ESCLUSIVA – Fabrizio Failla: “La tessera del tifoso è stata un flop assoluto, all’estero non ci sono nemmeno i biglietti nominativi.”
Nella recente puntata di Stop Tifo Negato, trasmissione organizzata da Casa Napoli in collaborazione con Milano Azzurra, il giornalista Rai Fabrizio Failla ha offerto un’analisi lucida e profonda sul tema delle trasferte vietate ai tifosi del Napoli, con particolare riferimento al nuovo stop per la gara Torino-Napoli del 18 ottobre.
Durante il suo intervento, Failla ha toccato nodi fondamentali come la gestione dell’ordine pubblico, il confronto con i modelli europei, l’inefficacia delle restrizioni generalizzate e il fallimento della tessera del tifoso. Ecco, di seguito, le sue parole testuali riorganizzate per argomenti.
La sicurezza negli stadi? “Il problema è istituzionale”
«Il problema del controllo della tifoseria è un problema che abbiamo in Italia. È giusto allargare il discorso da Napoli in generale a quella che è la problematica della sicurezza negli stadi. È troppo facile fare divieti per assistere alle partite, per tifosi che non credo vadano fuori a fare a botte.»
Failla denuncia la scorciatoia istituzionale di scaricare tutto sul tifo organizzato:
«Purtroppo l’Italia non ha la certezza della pena. Quindi bypassare questi problemi, che sono istituzionali, per andare a reprimere il tifo, secondo me è come avveniva negli anni ’80, quando i prefetti ordinavano il divieto di vendita per una zona che era interessata alla gara ad alto rischio. Lavandosi un po’ le mani.»
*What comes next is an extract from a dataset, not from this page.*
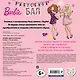 Barbie. Выпускной бал (+ плакат и 3D наклейки) - фото 2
Il confronto con l’Inghilterra e la Germania
«Abbiamo degli esempi importanti dall’Inghilterra. Dopo i fatti dell’Heysel, la Thatcher fermò il calcio inglese in Europa per due anni. Sicurezza e certezza della pena: questo permette oggi agli inglesi di poter vantare uno standard che è un fiore all’occhiello.»
Ma il paragone più virtuoso, secondo Failla, resta quello con la Germania:
«In Germania hanno saputo coniugare entrambe le forze, mettendo le forze di polizia all’esterno dello stadio, mentre l’interno è presidiato dagli steward dei club. E c’è anche un ruolo italiano, quello di Nino Rana che è il capo della sicurezza interna allo stadio.»
La violenza non è più quella degli anni ’70: “I problemi non sono dentro”
«Grandi incidenti non sono più negli stadi, ma nel grande pubblico. A volte vengono causati da teppisti, non da tifosi. I tifosi che vanno allo stadio ormai si trovano in impianti senza più recinzioni. Questo dimostra che la violenza è cambiata: non è più quella degli anni ’70.»
«Oggi la violenza è fuori. Ci sono scontri agli autogrill, nelle piazze delle città dove si gioca una partita.»
“Due pesi e due misure”: cori razzisti e mancanza di sanzioni
Failla denuncia un doppio standard nella gestione delle sanzioni:
«Quando ci sono dei cori razzisti, invece di essere contro i tifosi, vengono dai tifosi verso i giocatori di colore. Non ho mai visto una gara essere conclusa con la sconfitta a tavolino per la squadra i cui tifosi hanno insultato.»
La tessera del tifoso: “Un fallimento assoluto”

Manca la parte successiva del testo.